Yesterday's agreement between Gem Diamonds and Tiffany & Co, under which the fully listed miner will supply the retailer's gem sourcing and polishing. Gem's balance sheet provides the prospect of maiden dividends or share buy backs, hold on at 210.75p.
TUESDAY
The Times
Arriva secured the Cross Country rail franchise two year ago and has been rewarded with sharp gains in its share price. But the deal that at the time was seen as giving Arriva critical mass in trains — its fortunes were previously more hitched to buses — has instead proved a drag on short-term profitability.
At 485p, or ten times next year's earnings, and yielding 5.5%, the shares are up with events. Pass.
Rock-bottom interest rates may be good for music sales but they are bad for music publishers. Or at least for Chrysalis, the small-cap company with a catalogue that stretches from Paul Anka to Jay-Z. When it agreed to a bank securitisation deal this decade, it also entered into a 'cap-and-collar' hedging arrangement to protect itself against future rises in interest rates.
In the longer term, Chrysalis, which has rejected EMI in the past, is a takeover target itself, albeit at a time that is likely to suit founder and chairman Chris Wright, who retains 30%. However, at 102p, up 70% since August, there should be better times to buy.
It will not be until early next year - says the Times - that the world's biggest oil and gas producers provide a clear steer on their capital spending plans for 2010.
But that did not stop Wood Group, the Aberdeen oil services group, predicting a pick-up in its engineering division, which accounts for about half of profits, in the second half of next year.
Some divisions, such as gas turbines, are likely to remain subdued. But Wood's low capital demands and the low-risk nature of its contracts, which are based on reimbursable costs, make yesterday's 288p, or 12 times next year's earnings, a good point to buy.
Daily Telegraph
International Ferro Metals mines ferrochrome in South Africa.

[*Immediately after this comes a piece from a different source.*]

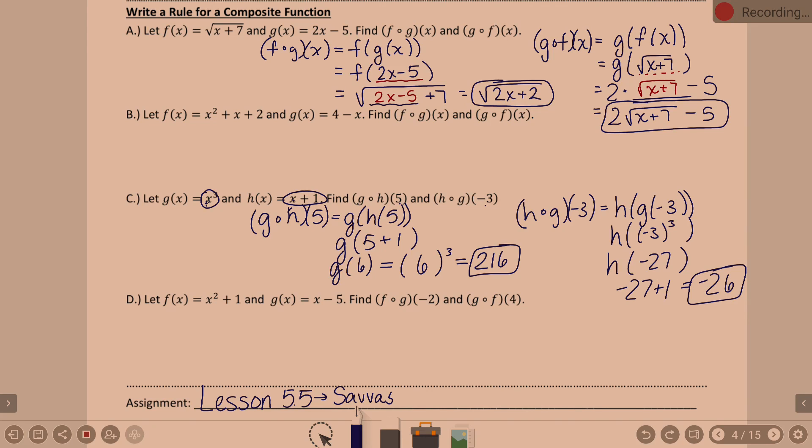Assignment 5-5 is due Monday. If you didn't get 5-4 done, get that done too.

The Telegraph's Questor column recommended the shares as the ferrochrome price appeared to be at a bottom. However, fears have grown that the price could actually fall further next year. Ferrochrome prices are set on a quarterly basis in discussions between producers and customers.
In November, International Ferro issued a trading update in which it said the outlook for the short term was cautious, but it expected a return of stainless steel demand over 2010. Another major producer, EMRC also said that the Chinese recovery in demand was sustainable.

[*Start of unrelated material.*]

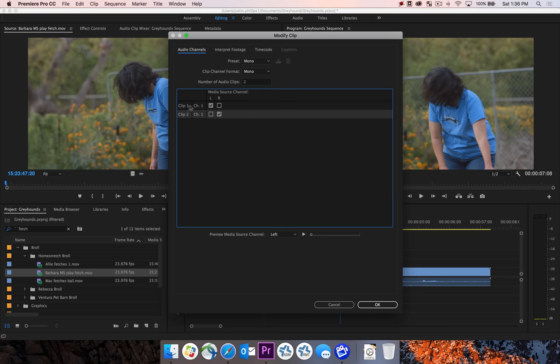This is asking you, how do you want to separate those? We'll go ahead and leave this as it is. We want the left channel to be clip 1, which will be on A1, and then we want the right channel to be on clip 2, which will be on A2. One really nice feature about Premiere is that it allows you to preview the channel separately.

Based on current forecast the shares are trading on June 2010 earnings multiple of 40.6, falling to just 5 in 2011. The company does not pay a dividend.
Shares in International Ferro Metals were recommended on August 6 at 56¾p and the shares are now 56% below this level, compared with a market up 12%.
With uncertainty remaining into next year, Questor's stance on the shares is now hold.
Gem Diamonds: The Telegraph's Questor is confident in the long-term prospects of the diamond industry – and Gem.
The company is debt-free with about $100m in cash after an equity fund-raising earlier this year. Now is a good time to snap up quality, says Questor, strategic assets from distressed sellers and the share-tipper is looking 'for news soon on what it will do with this cash'.
The shares are trading on December 2010 earnings multiple of 69, based on current forecast, but this slips to 17.7 in 2011 when the market is expected to show a recovery.
The financial crisis has created demand problems in the industry, but the supply side remains tight. Because of this and the quality of Gem's assets the stance remains buy.